What is The New Yorker? I know it’s a great magazine and that it’s a tremendous source of pleasure in my life. But what exactly is it? This blog’s premise is that The New Yorker is a work of art, as worthy of comment and analysis as, say, Keats’s “Ode on a Grecian Urn.” Each week I review one or more aspects of the magazine’s latest issue. I suppose it’s possible to describe and analyze an entire issue, but I prefer to keep my reviews brief, and so I usually focus on just one or two pieces, to explore in each the signature style of its author. A piece by Nick Paumgarten is not like a piece by Jill Lepore, and neither is like a piece by Ian Frazier. One could not mistake Collins for Seabrook, or Bilger for Goldfield, or Mogelson for Kolbert. Each has found a style, and it is that style that I respond to as I read, and want to understand and describe.

Wednesday, March 2, 2022

February 28, 2022 Issue

Rivka Galchen, one of my favorite New Yorker writers, has a medical piece in this week’s issue. Called “Change of Heart,” it’s about the world’s first transplantation of a pig’s heart into a human. Galchen talks with the surgeon, Bartley Griffith, who performed the operation. She talks with the surgeon, Muhammad M. Mohiuddin, who led the surgery that extracted the heart from a year-old genetically modified pig. She describes the transplantation:

The cold pig heart was delivered to the operating room. “Some people like to blast music in an O.R., but I like to hear pins drop,” Griffith said. “I like to hear the sound of the heart-and-lung machine.” Griffith estimates that he has performed more than a thousand heart transplants, but this one called for a different start: before he made the first incision, he suggested that everyone pause for thirty seconds to “think about what this man is entering into.” He described the transplantation as an opportunity to learn. Griffith told me, “We don’t usually take a moment like that. But I think it relaxed everyone. And then we went to work.” The process of transplanting a heart is both brutal and precise.

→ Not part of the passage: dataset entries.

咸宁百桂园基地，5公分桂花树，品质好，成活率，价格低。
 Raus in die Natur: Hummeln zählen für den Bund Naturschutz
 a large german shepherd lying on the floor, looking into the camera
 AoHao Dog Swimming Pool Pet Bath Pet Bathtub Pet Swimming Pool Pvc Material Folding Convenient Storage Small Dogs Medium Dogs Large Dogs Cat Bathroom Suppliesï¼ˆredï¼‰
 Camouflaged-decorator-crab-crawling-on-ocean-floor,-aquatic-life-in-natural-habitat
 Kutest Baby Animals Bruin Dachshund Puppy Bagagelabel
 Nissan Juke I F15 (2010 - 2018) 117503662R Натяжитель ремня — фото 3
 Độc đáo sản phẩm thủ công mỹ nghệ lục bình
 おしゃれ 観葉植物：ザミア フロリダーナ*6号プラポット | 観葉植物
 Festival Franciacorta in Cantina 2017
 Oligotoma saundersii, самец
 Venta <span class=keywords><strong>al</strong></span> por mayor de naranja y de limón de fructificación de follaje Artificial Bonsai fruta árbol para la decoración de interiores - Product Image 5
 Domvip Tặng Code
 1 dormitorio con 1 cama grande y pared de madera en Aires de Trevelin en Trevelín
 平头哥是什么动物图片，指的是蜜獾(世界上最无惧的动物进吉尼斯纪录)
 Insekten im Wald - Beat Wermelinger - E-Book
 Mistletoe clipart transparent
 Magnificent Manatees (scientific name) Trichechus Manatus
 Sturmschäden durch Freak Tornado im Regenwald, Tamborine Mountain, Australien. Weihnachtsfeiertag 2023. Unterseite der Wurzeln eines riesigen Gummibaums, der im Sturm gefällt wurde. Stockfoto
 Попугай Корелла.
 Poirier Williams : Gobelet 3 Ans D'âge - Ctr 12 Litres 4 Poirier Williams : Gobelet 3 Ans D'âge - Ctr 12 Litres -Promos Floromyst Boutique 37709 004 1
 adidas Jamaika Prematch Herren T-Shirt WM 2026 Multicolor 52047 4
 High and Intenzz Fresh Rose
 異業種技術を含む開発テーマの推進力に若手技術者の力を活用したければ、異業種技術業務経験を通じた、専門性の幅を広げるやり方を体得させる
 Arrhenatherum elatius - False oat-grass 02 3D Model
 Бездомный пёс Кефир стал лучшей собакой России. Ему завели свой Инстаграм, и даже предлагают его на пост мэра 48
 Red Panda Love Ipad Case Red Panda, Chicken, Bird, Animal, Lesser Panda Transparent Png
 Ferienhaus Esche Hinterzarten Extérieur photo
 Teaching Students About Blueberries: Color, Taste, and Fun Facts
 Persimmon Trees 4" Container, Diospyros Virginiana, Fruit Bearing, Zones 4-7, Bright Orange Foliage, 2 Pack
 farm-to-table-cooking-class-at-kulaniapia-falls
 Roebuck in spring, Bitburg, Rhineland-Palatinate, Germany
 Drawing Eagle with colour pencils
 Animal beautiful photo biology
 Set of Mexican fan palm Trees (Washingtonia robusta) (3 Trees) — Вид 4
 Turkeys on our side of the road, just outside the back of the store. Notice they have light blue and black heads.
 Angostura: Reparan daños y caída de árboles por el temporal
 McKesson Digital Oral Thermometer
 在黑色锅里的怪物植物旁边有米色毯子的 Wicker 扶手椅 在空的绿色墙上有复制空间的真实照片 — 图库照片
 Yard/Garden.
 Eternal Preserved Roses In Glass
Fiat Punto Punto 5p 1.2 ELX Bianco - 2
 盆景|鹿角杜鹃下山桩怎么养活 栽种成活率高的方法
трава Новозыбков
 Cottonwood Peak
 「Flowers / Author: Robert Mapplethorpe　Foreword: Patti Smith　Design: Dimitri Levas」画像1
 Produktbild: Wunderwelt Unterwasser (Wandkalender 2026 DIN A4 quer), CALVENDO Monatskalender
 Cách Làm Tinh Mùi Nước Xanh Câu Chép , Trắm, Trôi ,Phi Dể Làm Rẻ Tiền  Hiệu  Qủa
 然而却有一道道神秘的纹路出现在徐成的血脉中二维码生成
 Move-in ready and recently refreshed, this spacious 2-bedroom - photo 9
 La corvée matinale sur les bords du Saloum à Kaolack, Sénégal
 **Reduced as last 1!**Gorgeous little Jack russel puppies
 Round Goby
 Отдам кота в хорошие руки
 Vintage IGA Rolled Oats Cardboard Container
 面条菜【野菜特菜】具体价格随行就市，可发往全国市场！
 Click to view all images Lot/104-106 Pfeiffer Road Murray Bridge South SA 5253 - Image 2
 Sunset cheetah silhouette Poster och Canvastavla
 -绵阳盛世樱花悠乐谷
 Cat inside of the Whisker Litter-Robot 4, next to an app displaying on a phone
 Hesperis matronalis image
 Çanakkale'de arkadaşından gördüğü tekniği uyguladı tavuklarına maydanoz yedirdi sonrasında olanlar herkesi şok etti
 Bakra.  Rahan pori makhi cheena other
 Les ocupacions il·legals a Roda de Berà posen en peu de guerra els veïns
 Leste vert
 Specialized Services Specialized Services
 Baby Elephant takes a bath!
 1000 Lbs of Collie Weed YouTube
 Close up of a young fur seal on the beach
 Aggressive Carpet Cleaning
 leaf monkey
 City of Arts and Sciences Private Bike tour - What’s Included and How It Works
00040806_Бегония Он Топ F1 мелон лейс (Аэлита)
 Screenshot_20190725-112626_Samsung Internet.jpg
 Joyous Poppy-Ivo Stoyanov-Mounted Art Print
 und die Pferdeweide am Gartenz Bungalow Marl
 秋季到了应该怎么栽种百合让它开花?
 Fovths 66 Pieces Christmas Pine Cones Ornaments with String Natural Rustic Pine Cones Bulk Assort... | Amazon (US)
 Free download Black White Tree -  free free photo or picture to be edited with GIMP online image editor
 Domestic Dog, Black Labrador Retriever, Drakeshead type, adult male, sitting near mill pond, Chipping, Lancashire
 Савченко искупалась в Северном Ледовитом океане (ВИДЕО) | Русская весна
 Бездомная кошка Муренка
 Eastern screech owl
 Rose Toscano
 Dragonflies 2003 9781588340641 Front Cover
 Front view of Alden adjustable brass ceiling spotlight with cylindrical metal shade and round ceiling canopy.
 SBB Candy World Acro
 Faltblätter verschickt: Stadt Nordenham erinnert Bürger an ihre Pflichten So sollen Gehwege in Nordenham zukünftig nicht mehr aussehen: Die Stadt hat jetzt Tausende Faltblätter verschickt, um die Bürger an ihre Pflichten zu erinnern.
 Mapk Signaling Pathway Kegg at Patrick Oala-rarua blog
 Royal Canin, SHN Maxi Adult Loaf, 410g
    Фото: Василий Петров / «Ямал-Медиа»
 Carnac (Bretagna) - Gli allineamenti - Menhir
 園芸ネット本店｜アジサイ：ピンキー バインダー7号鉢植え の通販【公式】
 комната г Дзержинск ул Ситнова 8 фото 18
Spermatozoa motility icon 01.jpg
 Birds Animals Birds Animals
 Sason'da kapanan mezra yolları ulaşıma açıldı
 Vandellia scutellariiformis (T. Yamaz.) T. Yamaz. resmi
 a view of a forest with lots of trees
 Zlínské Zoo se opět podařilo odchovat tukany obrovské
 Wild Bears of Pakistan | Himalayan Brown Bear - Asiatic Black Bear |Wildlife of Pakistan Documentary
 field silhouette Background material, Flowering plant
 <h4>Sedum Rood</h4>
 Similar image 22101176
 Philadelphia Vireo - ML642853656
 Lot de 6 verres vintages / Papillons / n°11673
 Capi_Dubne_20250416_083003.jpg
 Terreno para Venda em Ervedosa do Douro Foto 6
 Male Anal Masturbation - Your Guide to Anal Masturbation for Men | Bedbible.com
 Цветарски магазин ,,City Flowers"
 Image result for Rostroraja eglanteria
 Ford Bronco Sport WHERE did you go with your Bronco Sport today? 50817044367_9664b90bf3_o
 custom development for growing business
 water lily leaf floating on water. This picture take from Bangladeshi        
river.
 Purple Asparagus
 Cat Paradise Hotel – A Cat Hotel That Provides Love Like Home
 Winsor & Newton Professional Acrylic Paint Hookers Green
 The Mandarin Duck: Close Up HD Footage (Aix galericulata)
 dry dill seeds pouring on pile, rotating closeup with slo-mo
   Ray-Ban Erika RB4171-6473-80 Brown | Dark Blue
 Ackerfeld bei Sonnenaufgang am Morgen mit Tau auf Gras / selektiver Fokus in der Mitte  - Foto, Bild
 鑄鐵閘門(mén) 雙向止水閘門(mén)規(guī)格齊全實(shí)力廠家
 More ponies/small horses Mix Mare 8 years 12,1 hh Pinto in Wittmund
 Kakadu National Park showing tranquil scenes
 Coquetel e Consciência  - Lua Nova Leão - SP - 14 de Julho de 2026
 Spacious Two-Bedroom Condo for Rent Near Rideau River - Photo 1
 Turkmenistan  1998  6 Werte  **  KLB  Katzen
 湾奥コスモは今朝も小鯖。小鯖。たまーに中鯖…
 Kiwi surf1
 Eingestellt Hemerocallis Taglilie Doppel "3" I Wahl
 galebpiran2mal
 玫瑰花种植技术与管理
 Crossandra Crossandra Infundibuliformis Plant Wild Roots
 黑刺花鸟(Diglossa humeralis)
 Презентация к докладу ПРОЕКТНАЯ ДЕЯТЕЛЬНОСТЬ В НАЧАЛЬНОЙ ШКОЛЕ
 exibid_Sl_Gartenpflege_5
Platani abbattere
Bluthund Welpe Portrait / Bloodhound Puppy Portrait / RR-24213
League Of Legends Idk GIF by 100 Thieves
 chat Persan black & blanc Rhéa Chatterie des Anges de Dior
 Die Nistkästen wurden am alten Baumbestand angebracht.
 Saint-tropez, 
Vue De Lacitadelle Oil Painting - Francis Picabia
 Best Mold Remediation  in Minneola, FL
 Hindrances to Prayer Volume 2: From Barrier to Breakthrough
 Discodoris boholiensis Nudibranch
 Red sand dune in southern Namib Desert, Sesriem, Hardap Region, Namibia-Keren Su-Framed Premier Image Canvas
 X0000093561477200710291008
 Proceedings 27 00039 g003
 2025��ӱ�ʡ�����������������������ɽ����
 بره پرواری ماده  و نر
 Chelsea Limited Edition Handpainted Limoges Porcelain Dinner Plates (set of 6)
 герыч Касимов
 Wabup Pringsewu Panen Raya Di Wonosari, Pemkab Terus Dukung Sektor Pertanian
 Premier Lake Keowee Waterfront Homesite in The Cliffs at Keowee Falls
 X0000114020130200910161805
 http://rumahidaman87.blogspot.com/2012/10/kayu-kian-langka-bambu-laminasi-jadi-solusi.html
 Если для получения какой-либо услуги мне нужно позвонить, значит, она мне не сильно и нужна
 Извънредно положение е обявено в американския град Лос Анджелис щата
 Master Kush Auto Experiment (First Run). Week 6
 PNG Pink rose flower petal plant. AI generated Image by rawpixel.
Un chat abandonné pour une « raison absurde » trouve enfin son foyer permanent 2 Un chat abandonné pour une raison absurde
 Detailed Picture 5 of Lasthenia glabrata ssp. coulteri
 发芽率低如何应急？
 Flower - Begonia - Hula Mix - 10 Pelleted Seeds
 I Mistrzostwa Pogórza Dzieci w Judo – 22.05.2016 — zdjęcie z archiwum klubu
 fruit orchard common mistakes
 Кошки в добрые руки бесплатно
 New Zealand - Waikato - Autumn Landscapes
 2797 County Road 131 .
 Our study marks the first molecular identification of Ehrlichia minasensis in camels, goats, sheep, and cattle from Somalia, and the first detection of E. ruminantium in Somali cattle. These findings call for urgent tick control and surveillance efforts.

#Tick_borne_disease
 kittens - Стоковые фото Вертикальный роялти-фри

An eight-inch incision is made in the chest. The breastbone is cut in half with a bone saw. The ribs are opened outward to expose the heart. One large vein and one large artery are connected by tubes to a cardiopulmonary-bypass machine; a third tube washes the organ with a heart-stopping fluid. That’s the beginning.

And, most memorably, she describes what happens when the transplanted pig’s heart starts to beat:

When he first pulled the pig heart out of its container, it looked small and pale. “It had an opaqueness that was off-putting,” he said. “I wondered, Did we do something wacky?” He connected the pig heart to the patient’s vessels. He released the clamp, allowing human blood to flow into the organ. “It was as if we’d turned on a light. And it was a red light. The heart just brightened up. And it went from trembling to pumping.” He demonstrated the movement with his hands. “Hearts don’t just squeeze when they beat, they kind of twist, and this heart—it was doing the hoochy-coochy. It was one of the best hearts I’ve ever seen after transplantation.”

Galchen is a superb describer of complex scientific projects: see, for example, her “Green Dream” (on nuclear fusion), and her “The Eighth Continent” (on the race to develop the moon). She writes clearly and vividly. I enjoy her work immensely.